Unlike Storage Area Networks (Sans) implementation is simple and
straightforward with Plug and Play compatibility. NAS appliances
use standard file-system protocols, such as Network File System
(NFS) and Common Internet File System (CIFS) for data sharing across
multiple operating systems.
Performance:
NAS is slower than SAN, but faster than DAs NAS offers users dedicated
file server appliances that provide fast access and high-availability
storage to UNIX and Windows NT clients on a network. Data access
time is fast because the system only serves files. Files are offloaded
from the host to free CPU cycles for other cycles. Separating the
storage from the server also increases network reliability.
Scalability:
NAS allows you to separate your storage capacity from your server
capacity and with NAS companies add storage as needed. NAS products
scale to multiple terabytes, and by offloading file serving to these
devices, servers can support more users. But be sure to consider
your future storage needs. As your requirements increase, large
numbers of NAS devices can be difficult to manage. While small NAS
devices are great for projects or workgroups, larger systems may
be necessary for mainstream data storage.
Availability:
The simplicity of NAS makes it more reliable than traditional LAN
file servers and eliminates many failures induced by complex hardware
and operating systems. Because the NAS device communicates directly
with the client, files remain available, in the event of network
server downtime, thus increasing data availability.
Cost of ownership:
Specialized for high-speed file serving, NAS devices are significantly
less expensive than general-purpose network file servers. Servers
across different operating systems can share access to NAS devices
so that enterprises can save money on hardware, maintenance and
administration by consolidating data on fewer devices in a central
location.
Managing Data and Storage Devices
Even though businesses are increasingly dependent
upon information systems to sustain day-to-day operations, storage
management has only recently become a hot topic for IT departments.

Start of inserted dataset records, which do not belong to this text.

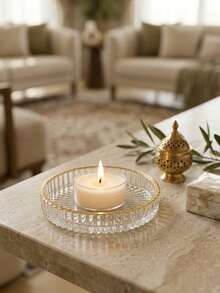 Glass Pillar Candle Holder Base: Round Glass Candle Holder Base, Suitable For Dinner, Wedding And Party Table Centerpiece Decoration, Can Be Used As Wedding And Valentine's Day Table Coaster, Home Room Decor, Holiday Party Decoration, Table Decor - Transparent Gold-rimmed Version - View 8
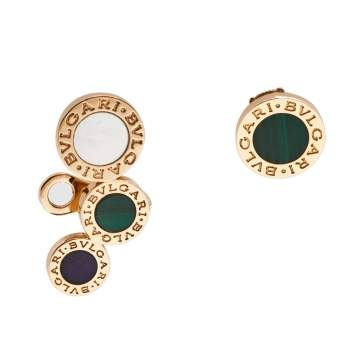 Pre Owned Bvlgari Multi Gemstone 18K Rose Gold Two Single Earrings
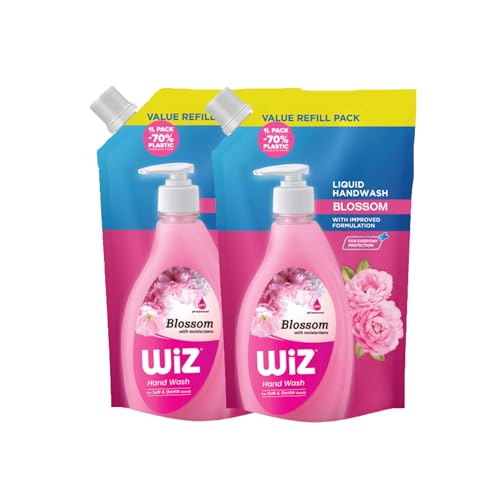 Image of Wiz Blossom Hand Wash Refill Pouch - 1L (Pack of 2) | Floral Fragrance for Lasting Freshness| Germ Protection | pH Balanced | 70% Less Plastic | Gentle Everyday Hand Care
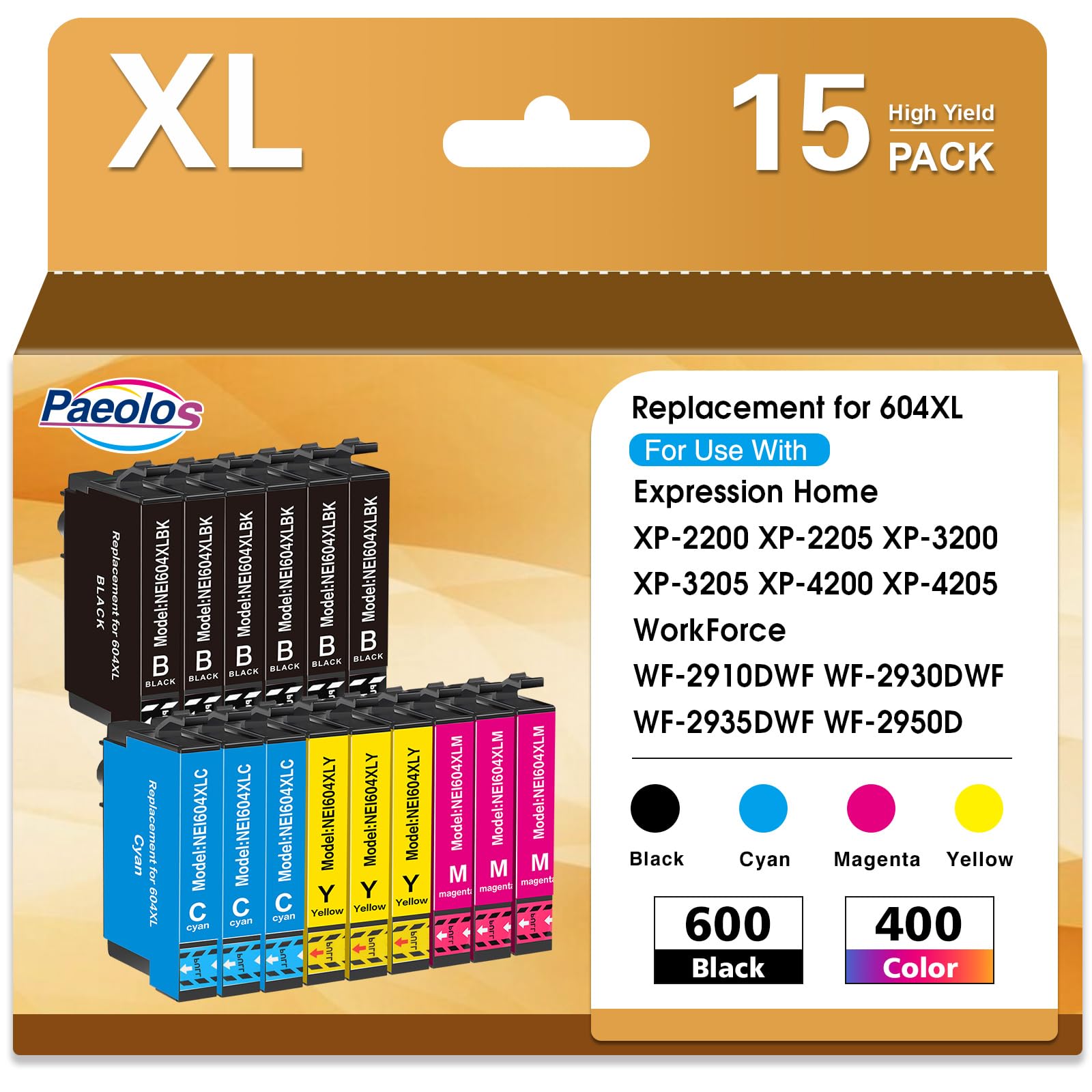Paeolos Reemplazo para cartuchos de impresora 604 XL compatibles con cartuchos Epson con Expression Home XP-3200 XP-3205 XP-4200 XP-4205 XP-2200 XP-2205, Workforce WF-2910 WF-2930 WF-2935 WF-2950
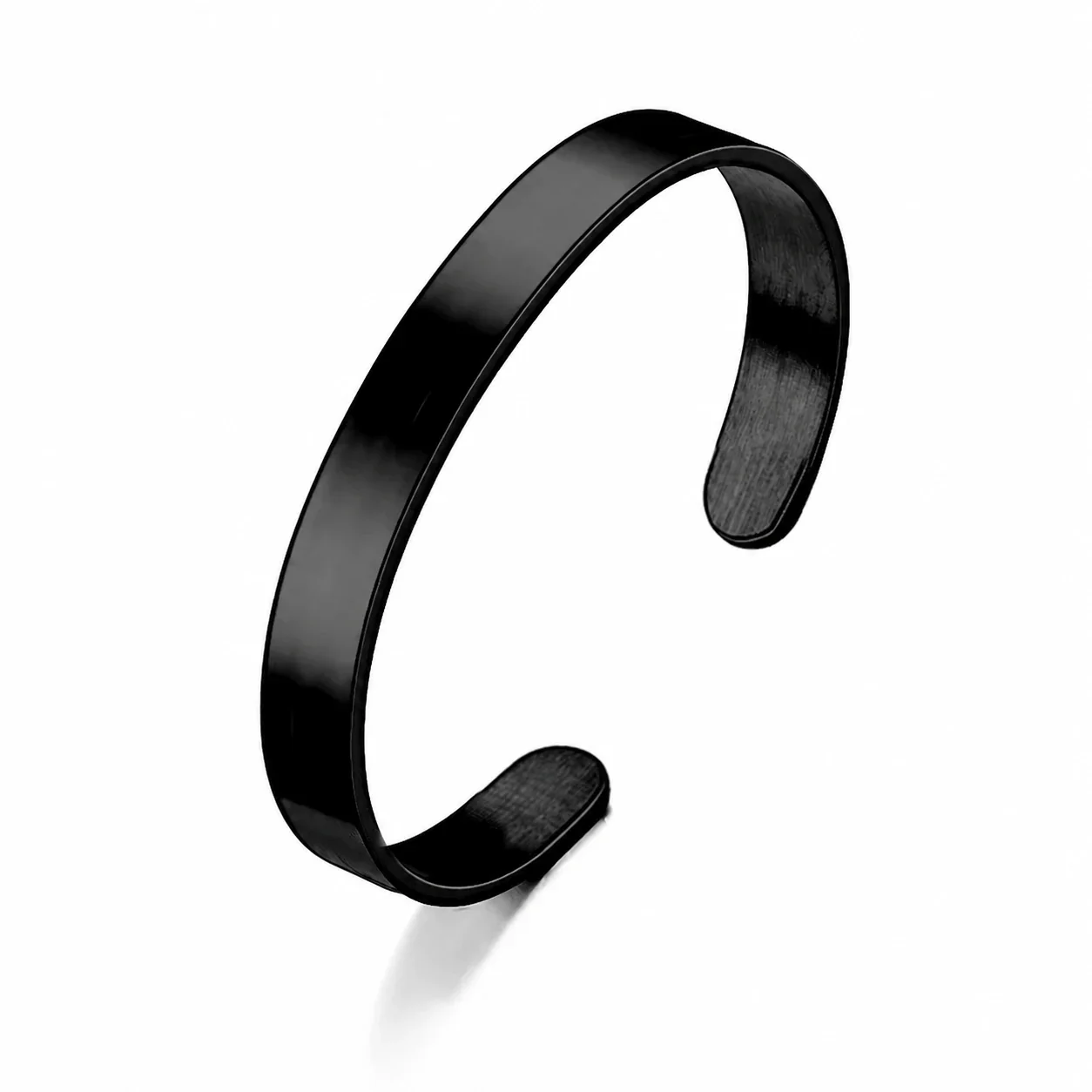 Minimal Stainless Steel Open C Flat Band Cuff Bracelet - 8 mm Black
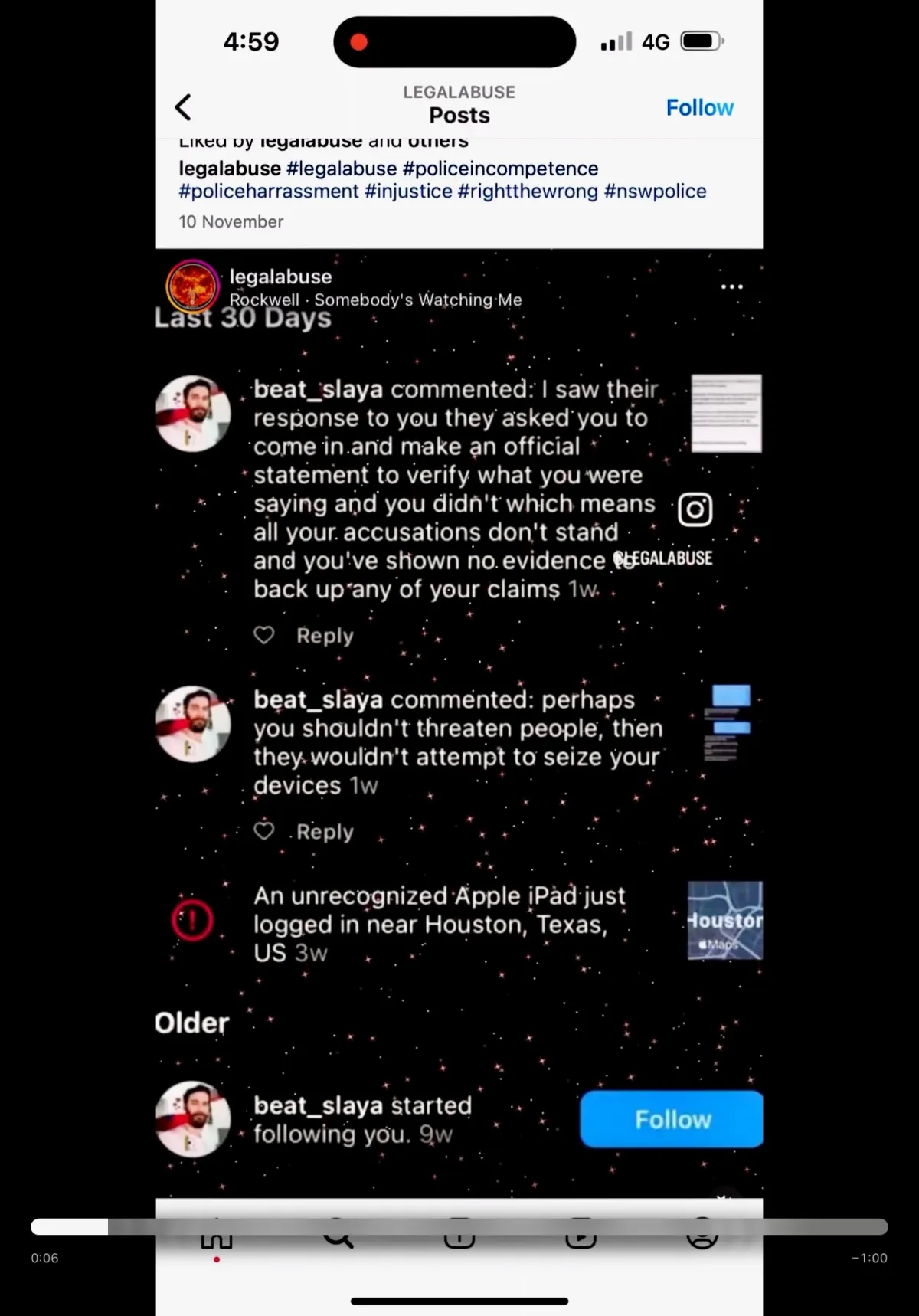 Still at 0:06 showing beat_slaya comments and a following notification on the legalabuse account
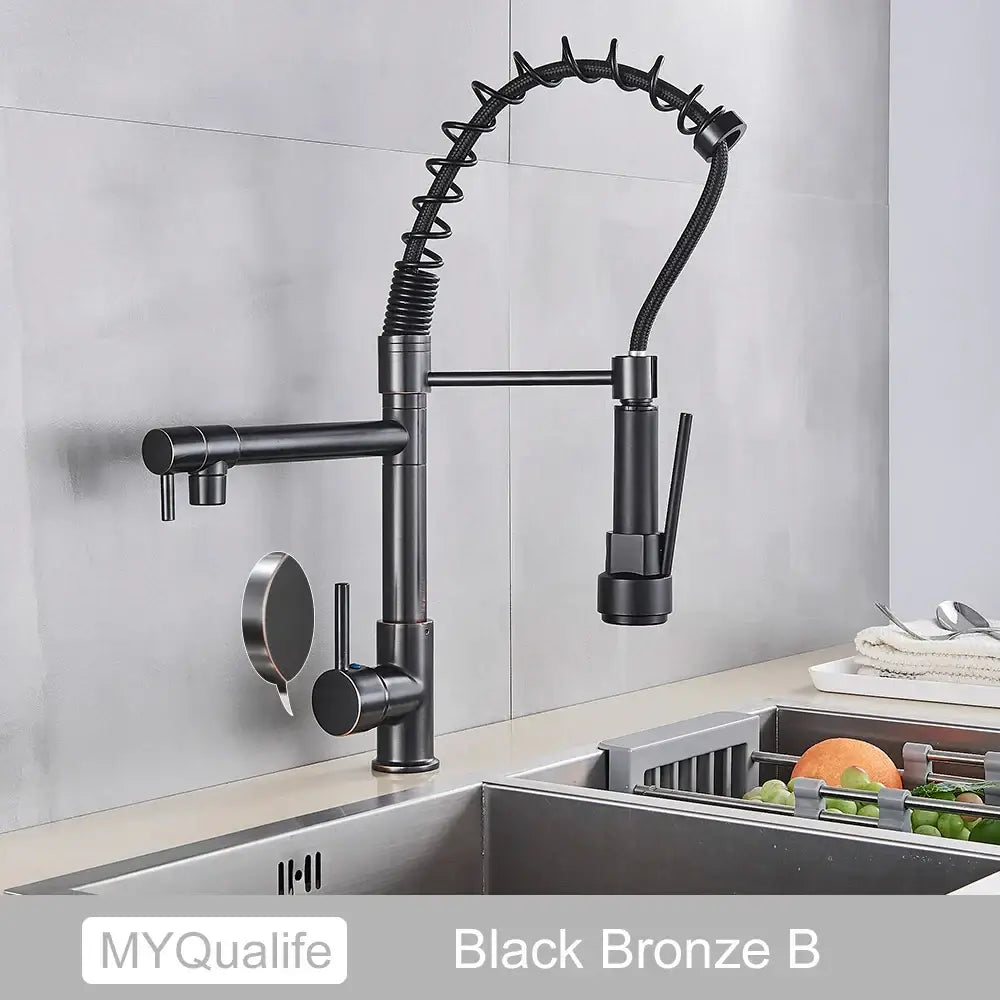 Decorbites black brass kitchen faucet with dual spout and pull down spray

Most companies have all their data reside on RAID with little thought
on how to address future data growth. The common practice, up until
now, of simply adding more RAID to the network and backing it up
is detrimental to business operations because of the time and cost
associated with it.
Another routine the IT departments used to consolidate
network data had users manually remove all older files that were
dormant or aged past a certain number of days. This practice worked
in part because users weren't dealing with the exponential data
growth. Today's electronic marketplace emphasizes accessibility
of both current and past email, financial and healthcare records.
So in environments where protocol to remove data from the network
are not only inefficient, records for e-commerce transactions and
accounting information, by law, cannot be altered or moved. So what
is the solution? Many network administrators are still improperly
addressing the issue by adding more hard drive space to the network
via DAs or additional RAID subsystems without understanding the
long-term ramifications. Adding storage to a network by increasing
the RAID pool affects access speed and adds to backup window length
and space requirements.
As you begin to develop a storage strategy for
your network, many issues and potential problems should come to
mind. How can your network operate with the increased downtime associated
with backup? Where are you going to find the budget for an additional
RAID system that may only last you another 6-8 months before maxing
out? How are you going to finance and manage the increased IT staff
needed to control your growing storage pool? The solution to your
problems involves moving your network data to a cost-effective storage
system while still providing users with a quick and seamless method
to retrieve their data.
To manage data effectively you must understand
how your users create information on the network. One of the best
ways to do this is to look at your data allocation by age. Categorize
your data into 0-30, 31-60 and 60-plus day old windows. Every allocation
will be a little different based upon your business activities and
data types. On average, most of the data on your network will fall
into the "over 30" day category. Typical environments
have somewhere between 20% and 30% of their data created in the
last 30 days. After you complete this analysis, you should have
enough information about your storage environment to forecast what
potential problems are in your future.
A complete storage system could include any or all of the following
types of storage devices:
Online storage devices
Online storage offers the highest performance available on the market
today. As a result, hard disk systems have the highest price-point
for entry or space. Active data best resides on an online storage
device because of RAID's high write transfer and load speeds. Demand
for primary storage is being driven by the digital convergence of
automating commonplace business functions and the role of the Internet.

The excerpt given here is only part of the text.